Yeah, it's awkward and ill-considered.
Ron
the "s" is silent.
SAY-dis-port.
The "official" answer:
http://www.sram.com/en/service/sram/faq.php?faqID=d3d9446802a44259755d38e6d163e820
or
Somehow IBM flows, SRAM blows.
'snot.
Why did you snip the link? Click it, read it. The tell you exactly how to
pronounce it.
Bill "srchmam" S.
How about it. What a stupid-ass name for a company.
> shhram?
> s-ram?
> ssssram?
> S-R-A-M?
In the mirror is works out as Mars and that's easy. Othert than that,
I hear it pronounced "Ess ram" and I don't care so long as the product
works.
Jobst Brandt
Umm, sort of. They say what it means, and they say how *not* to
pronounce it, but as the consonant construction at the beginning of
the word is not used in the English language, there's no precedent for
how it *is* pronounced. Just saying "It's SRAM" isn't much help; to
me, that means "probably ser-am", most likely with the accent on the
second part if any, but it's just conjecture on my part in the absence
of a statement that's adequate.
--
Typoes are a feature, not a bug.
Some gardening required to reply via email.
Words processed in a facility that contains nuts.
What about the new Specialized "roo-BA-yicks?"
--
Phil, Squid-in-Training
Hank Stram.
Now remove the 't'.
HTH? BS
Or that Italian Cam-pagg-know-low? I remember pronouncing the T in Huret
too! I was 11 though.
Skippy
E&OE
> shhram?
> s-ram?
> ssssram?
> S-R-A-M?
>
SACHS
or
SEDIS
Most shops will know what you mean ;-)
> What about the new Specialized "roo-BA-yicks?"
In the UK we wet ourselves with laughter at the US pronunciation of
"buoy". I can't watch "Crimson Tide" with a straight face.
There must be a booming business for urologists if you in the UK can't laugh
without wetting yourselves.
> There must be a booming business for urologists if you in the UK can't laugh
> without wetting yourselves.
:-)
Maybe that's another expression that never crossed the pond.

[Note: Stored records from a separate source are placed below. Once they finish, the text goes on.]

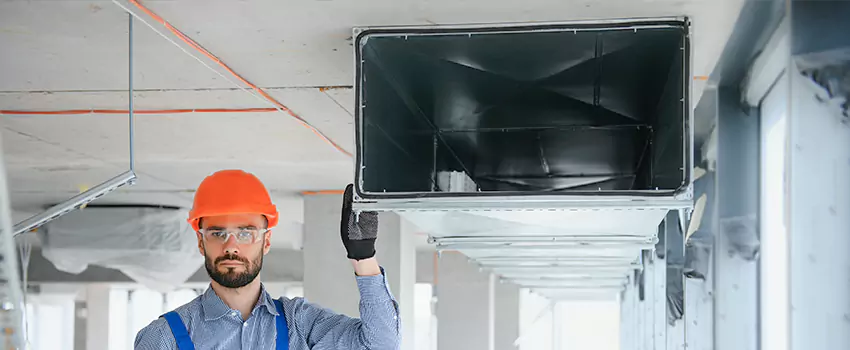 Clogged Air Duct Cleaning and Sanitizing in Town 'n' Country, FL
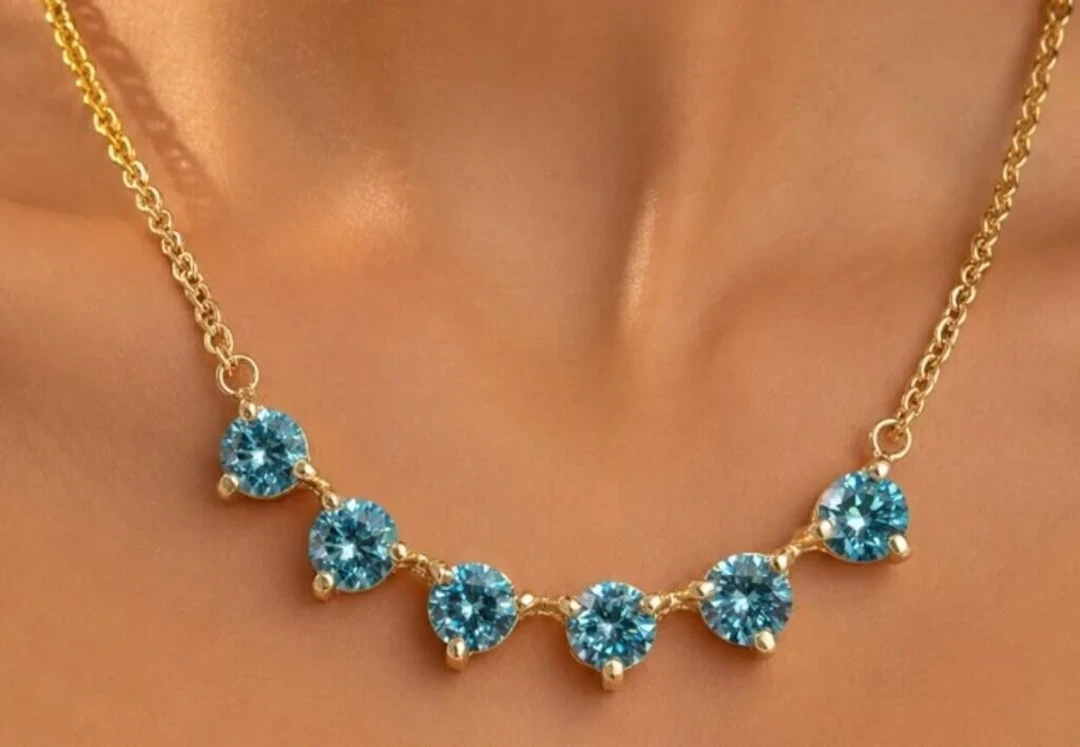 $4200, 10k(2.6g), lab diamond (1ct)necklace 17"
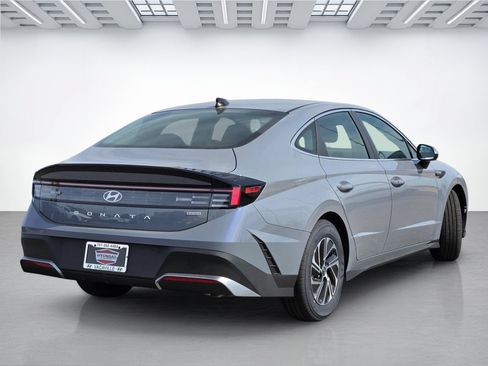 New 2026 Hyundai Sonata Blue FWD image 4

Maybe the name is unpronounceable, like that symbol Prince changed his
name to a few years ago. So we should say, "The company formerly known
as SACHS."
yeah -
they couldn't take the heat.
e-RICHIE©T®
> > shhram?
> > s-ram?
> > ssssram?
> > S-R-A-M?
> >
> SACHS
> or
> SEDIS
Maillard, Huret...
--
Morten Reippuert Knudsen :-) <http://blog.reippuert.dk>
PowerMac G5: 1.6GHz, 1,25GB RAM, 300+300GB SATA, 16xDVD DL, Bluetooth
mus+tastatur, R9600PRO, iSight, eyeTV200 & LaCie Photon18Vision TFT.
>In the UK we wet ourselves with laughter at the US pronunciation of
>"buoy". I can't watch "Crimson Tide" with a straight face.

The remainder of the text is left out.